しかし今の、夢じゃなくて……精神世界というやつだろうか。あのトランプたちが俺の能力か……ガチャから出てきたときははずれでしかないと思っていたが、少し考えを改めるべきかもしれない。あんなに戦う意思に溢れていたのだ。きっと能力もそれに見合った物で――あ。
「どんな能力か聞くの忘れてたぁーッ!」
「うわっ!? き、急に叫ばないでくださいよ!」
やっちまったやっちまった! カッコつけて『信じていいんだな?』なんて決め顔で言ってる場合じゃなかった! 戦うすべがあっても使い方わからないんじゃ意味ねぇじゃん!

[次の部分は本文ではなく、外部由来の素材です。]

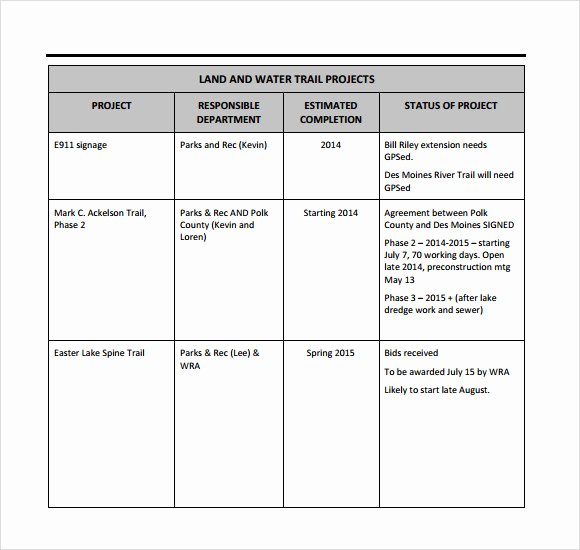 Weekly Project Status Report Template Excel Best Of Sample Weekly Status Report 7 Documents In Pdf Word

「ぐおぉ……頼むトランプたちよ……もう一度俺をあの世界に……」
「うわ……ほんとにどうしたんですか? 頭おかしくなってません?」
いくら念じても一向にトランプが反応する気配はなかった。なんか、こう……すごいショックだ。あんな『自分ら一生ついてくっス』みたいな感じだったのに……。
「もう燃やしてやろうかな、これ……」
「ひ、ヒキガネさん早まらないで! そ、そうだ! トランプって言ったら、やっぱ飛び道具にして使うんじゃないですかね!? ほらこう、手裏剣みたいに!」
エリン……! 何も教えてくれないトランプ連中とは違って、お前は一緒にどんな能力か考えてくれるのか……! 見直したぜ、今までふしだらな女神とか思っててごめんな。
「そ、そうだな。手裏剣な、手裏剣……とうっ!」
エリンの助言に従って、トランプを一枚力いっぱい投げてみる。手裏剣の投げ方なんか知らないから完全に自己流だが、もし本当に飛び道具の能力ならこれでも十分に効果を発揮してくれるだろう。

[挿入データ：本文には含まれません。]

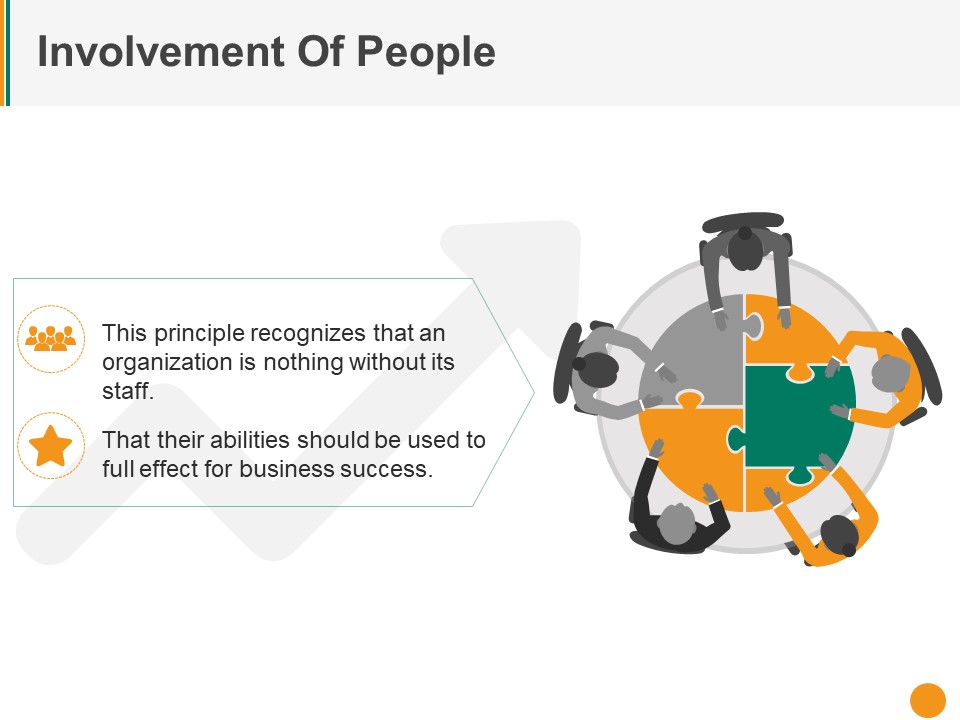 Involvement Of People Ppt PowerPoint Presentation Pictures Portfolio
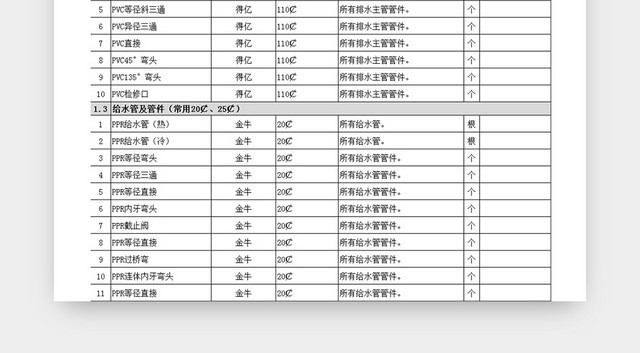 工程材料清单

ところで肝心の投げたトランプなんだけど、俺の手元を離れてすぐに失速して地面に落ちたんだが……なあエリン。なんでそんな気まずそうな顔するんだよ。お前がやれっつったんだぞ。
「な、投げ方が悪かったのかもしれません! ほら、もっと試してみないと!」
そう言いながらエリンは地面に落ちたスペードのAを拾って手渡してくる。
「あれ……スペードの、A?」
なんだろう、いますごい頭に引っかかるものがあったような……。何か肝心なことを見落としているような、すごい簡単なことに気づけていないような……。

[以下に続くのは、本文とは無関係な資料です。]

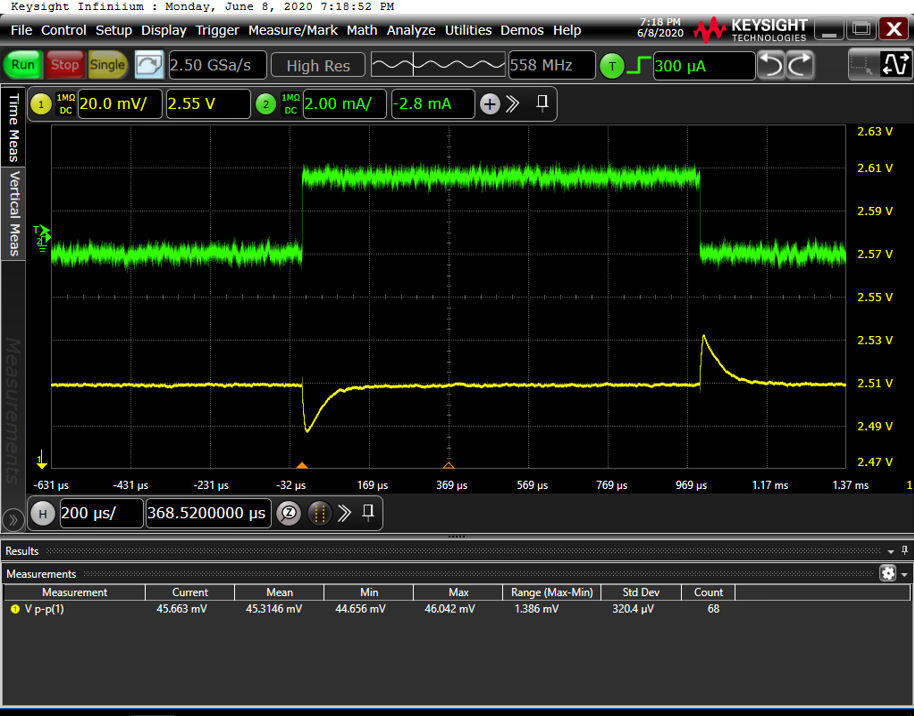 3PEAK TPR3340-S3TR for sale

「あ、あのあのあの? ヒキガネさん早くしてくれません? もう野犬たちがじりじり迫ってきて今にも襲い掛かってきそうで――ってキャァァアア!? い、今ひっかかれたんですけど! ほらここ! ……ってあれ? 奇跡的に無傷です! でももうタイムリミットっぽいんですけどー! ヒキガネさん早くー!」
「ええいうるさい! 今考え中なんだよ! そのまま野犬の注意でも引きつけてろ!」
「うぇええ!? ひどすぎません!? 盾にはならないって言ったのにー! ――キャァアこっち来たぁぁああ!?」
くそっ! なんだ!? 何に引っかかってるんだ!? 早くしないとこっちにも野犬が来るってのに……! とっかかりはスペードのAだ、これを見て違和感に思ったんだ。その理由はなんだ。そもそもこれを投げたのも適当に選んだだけ、それがスペードのAだったのもただの偶然……待てよ? 本当に偶然か? そういえば聞いたことがあるぞ。新品のトランプは並び順が決まってるって――並び順? そうだこれだ。これが引っかかるんだ。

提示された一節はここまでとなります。